The Defendant prison officials motioned to dismiss the complaint on grounds of qualified immunity of public officers from suits for damages. The District Court declined, holding that the prison officials were not entitled to the qualified immunity of public officers because there were “not enough facts in the record to determine whether the defence of immunity was valid.” Anderson died of AIDS while the appeal was still pending, the suit was determined to have survived him and was carried on by his estate. This review of the denial of immunity followed.
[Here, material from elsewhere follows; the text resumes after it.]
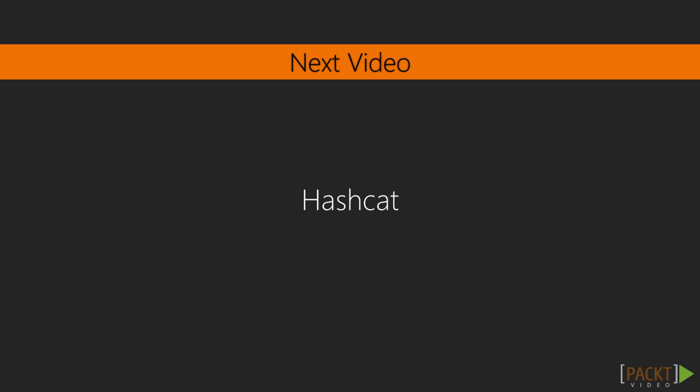In the next video, we're going to be using Hashcat, and we're going to be cracking passwords by ourselves without the aid of hashkiller.co.uk.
The court held that the prison officials were protected by qualified immunity with respect to disclosure of Anderson’s HIV status. It held that a constitutional right to privacy, other than that deriving from the Fourth Amendment, had been recognized by the circuit in 1992 (at the time of the alleged acts), but its boundaries were still ill-defined and did not clearly extend to this particular case. The court held that Anderson’s claim that his constitutional rights were violated by the disclosure of his HIV status to other inmates was therefore barred by the doctrine of official immunity. In holding so, the court applied the objective test for immunity: immunity applied if the action was “justifiable if considered without regard to the actor's motive.”

The court held that the disclosures of Anderson’s HIV status were objectively justifiable if considered without regard to the officials’ motives. In deciding the issue, the court considered whether there was a clearly established right of prisoners to the confidentiality of their medical records at the time the acts took place in 1992. The court, noting that prisoners did “not have all the rights of free persons,” found no earlier holding indicating that prisoners had such a right. It ultimately decided that, in 1992, it was not unconstitutional to reveal the condition of HIV positive inmates “to other inmates and to guards in order to enable those other inmates and guards to protect themselves from infection.”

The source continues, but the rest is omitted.